Brief descriptive captions
··········
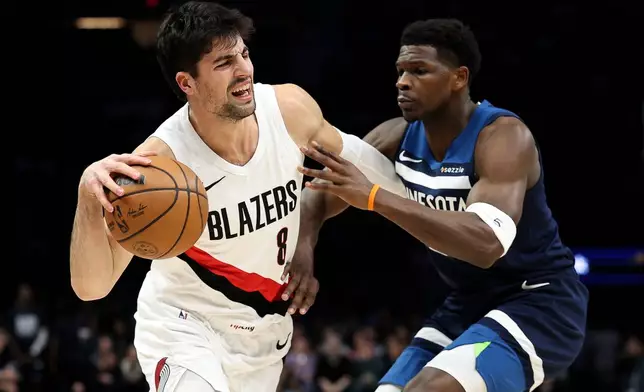 Portland Trail Blazers forward Deni Avdija, left, works around Minnesota Timberwolves guard Anthony Edwards during the first half of an NBA basketball game, Wednesday, Feb. 11, 2026, in Minneapolis. (AP Photo/Matt Krohn)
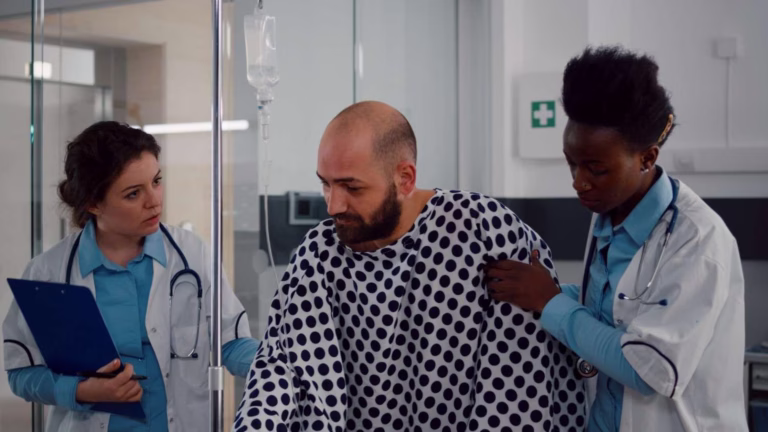 physician-doctors-helping-patient-stand-up-from-bed-holding-intravenous-iv-fluid-drip-bag (1)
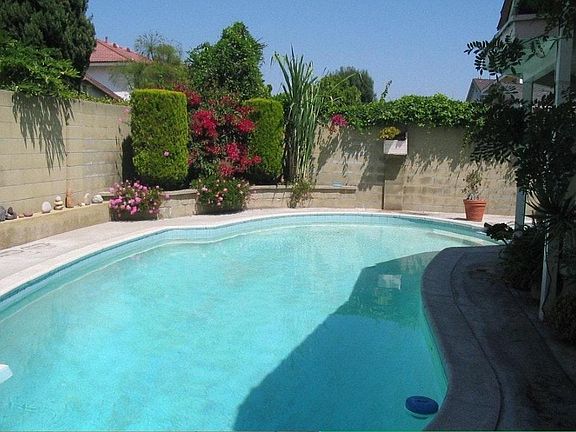 fenced pool in back yard
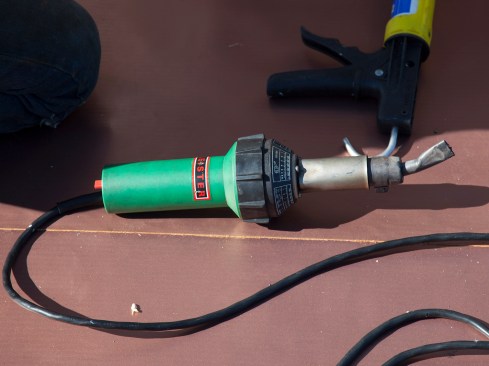 To weld the seams, the author’s crew uses a Leister hand-held, 1,500W torch, with power adjustable from 80W to 1,500W, and a temperature scope from 100°F to about 1,300°F. While cold weather doesn’t delay installation (you can even weld PVC in the rain), you do have to adjust the welding temperature upward to compensate. Likewise, in hot weather, you need to lower the welding temperature accordingly.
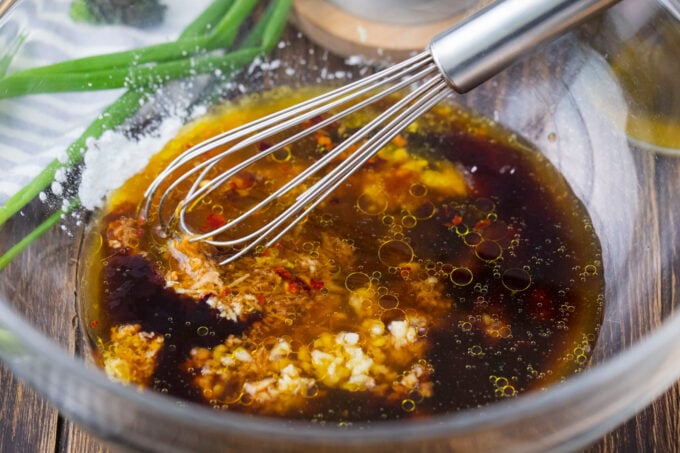 Whisking homemade teriyaki sauce.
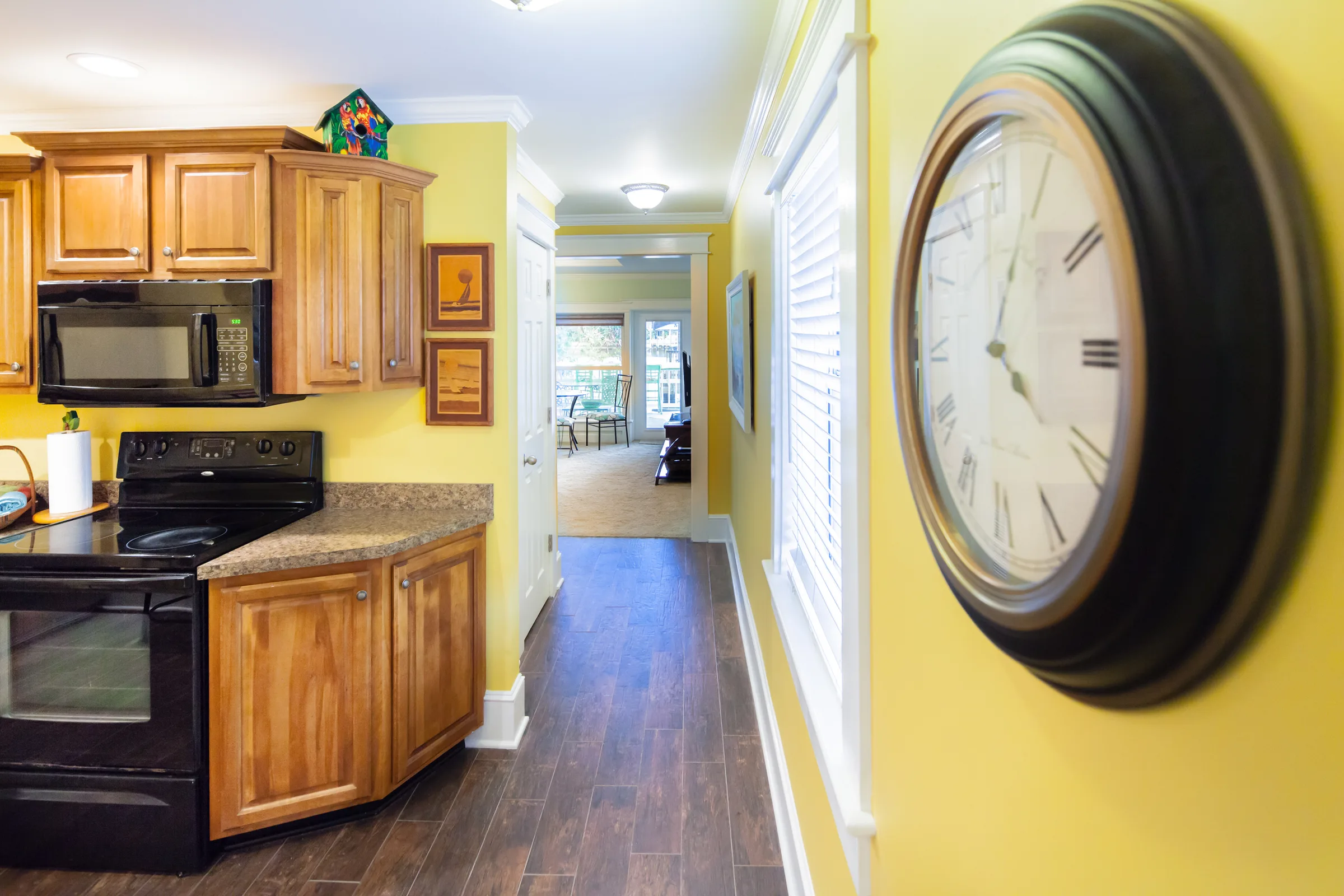 Yellow kitchen hallway with oak cabinets, wall clock and wood-look floors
··········
WORK INSTRUCTIONS
Your job is to transcribe the entries above exactly; skip the pictures.

WRITTEN REPLY
 Portland Trail Blazers forward Deni Avdija, left, works around Minnesota Timberwolves guard Anthony Edwards during the first half of an NBA basketball game, Wednesday, Feb. 11, 2026, in Minneapolis. (AP Photo/Matt Krohn)
 physician-doctors-helping-patient-stand-up-from-bed-holding-intravenous-iv-fluid-drip-bag (1)
 fenced pool in back yard
 To weld the seams, the author’s crew uses a Leister hand-held, 1,500W torch, with power adjustable from 80W to 1,500W, and a temperature scope from 100°F to about 1,300°F. While cold weather doesn’t delay installation (you can even weld PVC in the rain), you do have to adjust the welding temperature upward to compensate. Likewise, in hot weather, you need to lower the welding temperature accordingly.
 Whisking homemade teriyaki sauce.
 Yellow kitchen hallway with oak cabinets, wall clock and wood-look floors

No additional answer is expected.